RDC: loi électorale, le doute plâne MARIE-FRANCE CROS Publié le mardi 27 janvier 2015 à 21h09 - Mis à jour le mercredi 28 janvier 2015 à 13h38

RDC: loi électorale, le doute plâne
MARIE-FRANCE CROS Publié le mardi 27 janvier 2015 à 21h09 - Mis à jour le mercredi 28 janvier 2015 à 13h38
Congo: Un alinéa litigieux retiré... Pas le reste
Loi électorale en RDC: retrait de l'alinéa controversé
INTERNATIONAL
L’opposition congolaise a exigé, mardi, la publication par la Commission électorale nationale indépendante (Ceni) d’un calendrier global des scrutins à venir, deux jours après le vote d’une nouvelle loi électorale. Or, certaines dispositions de cette dernière n’étaient pas interprétées de la même manière, mardi, dans la majorité et dans l’opposition.

Une question d’interprétation

Le premier projet de texte, voté par l’Assemblée nationale, avait provoqué quatre jours d’émeutes dans le pays, la semaine dernière, parce qu’en exigeant un recensement de la population avant les scrutins - recensement qui durera trois à quatre ans - il revenait à prolonger d’autant le Président et les députés après la fin de leur mandat.

Le Sénat avait proposé un amendement indiquant que ce recensement devait se faire "dans le respect des délais constitutionnels" fixant la durée des mandats électifs.

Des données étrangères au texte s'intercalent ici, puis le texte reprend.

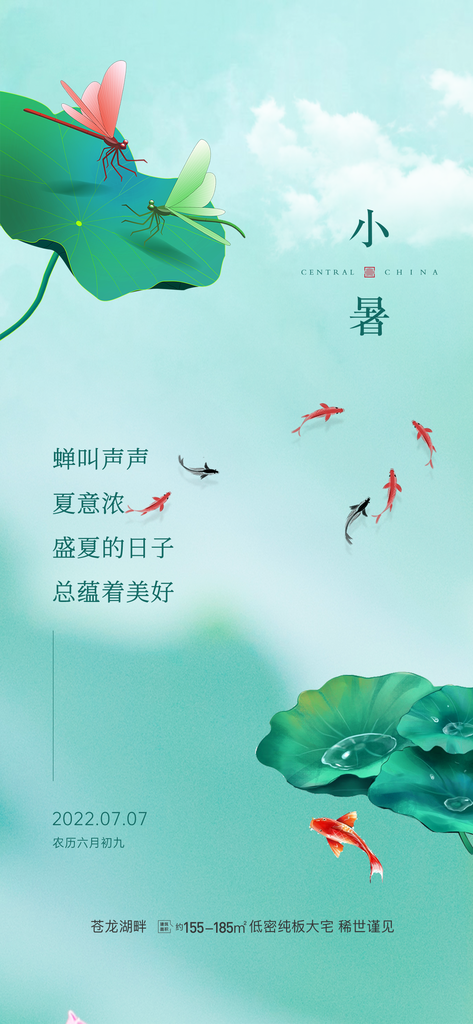 中国传统节气小暑手机海报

La commission mixte chargée d’harmoniser les deux textes a alors produit une loi - votée dimanche par les deux chambres - supprimant l’amendement du Sénat ainsi que la référence à l’obligation de recensement avant la présidentielle (article 8). Pour l’élection des députés (art. 115), toutefois, l’alinéa 1 indique que pour connaître le nombre de députés par circonscription, il faut diviser "le nombre total d’habitants" du pays par celui des sièges à pourvoir et (alinéa 4) "le nombre total d’habitants de cette circonscription" par le quotient électoral évoqué à l’alinéa 1.

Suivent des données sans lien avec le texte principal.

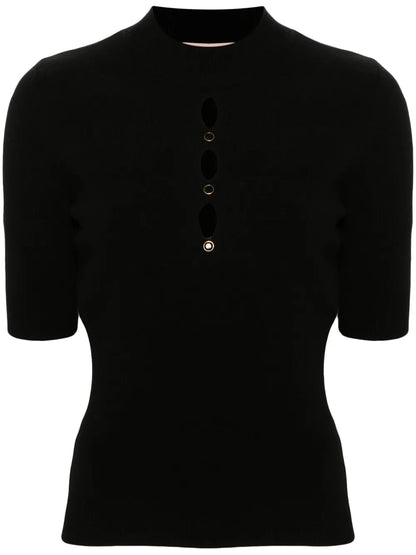 Cut-Out Stud-Detail Sweater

"Je pense que le chef de l’Etat devra demander que la loi soit examinée en deuxième lecture pour mettre fin à cette incohérence", a indiqué à "La Libre Belgique" le député UNC (opposition) M. Mayo. "Si ce n’est pas fait, on dépendra de la bonne foi des uns et des autres. La Ceni va demander le nombre total d’habitants et puis attendre" pour lancer le processus électoral. "Et on va dépasser les mandats." Soit un retour à ce que la rue a rejeté.

Le sénateur de la majorité Evariste Mabi Mulumba se veut rassurant, bien qu’il ne dise pas vraiment autre chose: "C’est un problème d’interprétation. Je ne pense pas que cela revienne à exiger un recensement, sinon ce serait faire marche arrière et le problème resterait. C’est à la Ceni d’interpréter ce texte. Je crois qu’on fera comme en 2006 et 201 1 (précedentes élections), par extrapolation des anciennes données."

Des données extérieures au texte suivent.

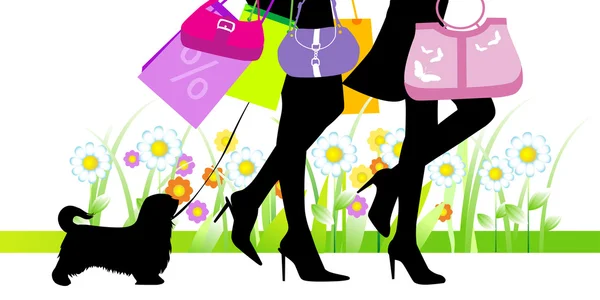 Vector illustration, woman sexy legs with bags. Shopping. — Stock Vector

Selon les informations de "La Libre Belgique", cependant, la discussion entre les deux chambres pour harmoniser le texte de loi a largement porté sur le désir des députés de voir leur mandat prolongé comme l’avait été celui des sénateurs, le renouvellement prévu du Sénat, en 2011, ayant été annulé à la suite du scandale causé par la fraude massive pour élire Président et députés.

Doublement du coût

Jusqu’ici, les élections du Président et des députés ont eu lieu le même jour. Les découpler, nous indique un expert électoral, reviendrait à presque doubler leur coût. Cela justifierait-il de retarder aussi la présidentielle ?

Pasteur Musangu Mulume's photo.
Pasteur Musangu Mulume's photo.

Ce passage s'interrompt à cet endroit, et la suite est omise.